You know, guys, this is what the Bush communications operation does. They’re the ones who can’t hear a bit of criticism without retaliating. Aren’t Democrats supposed to be more tolerant?

Apparently not. Last week I talked to a Washington Times reporter who was writing a story about how the Kerry campaign doesn’t have its act together when it comes to religion. Since the article was going to come out whether I talked to her or not (many in the campaign seem to operate on the assumption that if they don’t comment on some stories, the stories will go away — no, they just go on without your side being told), I decided to take the opportunity to nudge the campaign to take on religion questions directly. There’s still time to get back on course, but so far the campaign has erred by approaching religion as a constituency problem — “How many Catholics in the Rust Belt can we get if we do X?” — rather than as part of their overall communications and policy strategy. And while the top level of the campaign seems open to framing Kerry’s policies in moral terms, the people in the mid-levels freak out at anything that’s too overtly religious (i.e., mentions the word “religion”). I also thought it was particularly important that I talk to the reporter since the other main person interviewed for the piece — Fr. Robert Drinan — was offering the ridiculous advice that the campaign should “steer clear of talking about religion.”

The campaign got the message — just not the one I was hoping. They’ve just pulled my access to interview a policy staffer for a totally apolitical profile. I’m interviewing a Republican staffer for the same piece and they haven’t pulled my access, even though I’m a raving liberal and all.

If being a loyal Democrat means I need to choose between saying nothing critical of the Democratic nominee and speaking up when I see the campaign screwing up, then I guess I’m disloyal.

Here’s a suggestion for the Kerry campaign, free of charge: Spend some of the time you’re wasting worrying about giving access to someone who has worked for Tom Daschle, David Bonior, the ACLU, and half a dozen Democratic campaigns, and find someone like me (not me…like me) to speak on behalf of the campaign on religion issues. You desperately need it. And most professional Democrats can’t do it. A successful campaign recognizes its weaknesses and does something to fix them.

And what’s the gist of this?

The Kerry people are officially not taking me seriously. I granted an interview to a Washington Times reporter, hoping I could publicly nudge my campaign of choice into thinking about religion, but it seems like they’ve responded by cutting off my access to a staffer. Assclowns!

OK, that might not be ideal, but I think I convey the same point with a lot less dross.
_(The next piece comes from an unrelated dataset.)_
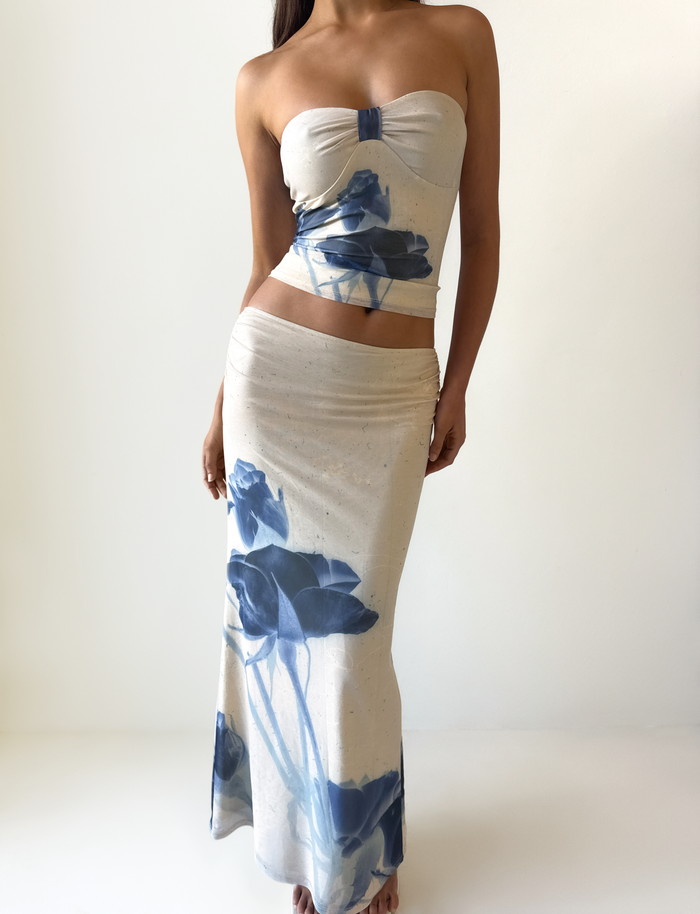 A woman models the TIGERMIST JANIS MAXI SKIRT in Indigo Floral, a beige skirt with a fitted waist and long silhouette featuring bold blue florals, standing against a plain white background.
And of course, “The Flytrap” is the worst blog ever. Check out Tom Schaller’s response to Hitchen’s Farenheit review.

Dear Mr. Hitchens:

Thankfully, I read your advice to young contrarians as carefully as I did. For now I feel compelled to employ the very lessons you taught me in exposing your own “moral frivolity” and artful dissembling in reviewing for Slate Michael Moore’s Fahrenheit 9/11.

To begin, let me state up front that I have my own issues with Mr. Moore’s previous work. I think Moore commits a sin common to directors including Woody Allen and Spike Lee, namely, that he puts himself too squarely (or perhaps in Moore’s case, roundly) into his films – literally, by appearing onscreen, and figuratively with a heavy-handed touch that provides a constant reminder of who is behind (if not, alas, also in front of) the cameras. At the risk of sounding inversely paternalistic, I find the best portions of Moore’s films tend to be those where he’s heard and not seen – or better yet, neither seen nor heard.

But you, Sir Chris, take Moore to task less for his artistic devices than his presentation of the facts.

Is that entire intro not totally superfluous? It would work, maybe, if Schaller tapped into some heretofore-unseen gonzo style, but he’s incredibly vanilla and whiny. I’m never 100% happy with the first drafts of columns we get at USA Today, but they always end up less bloated than this.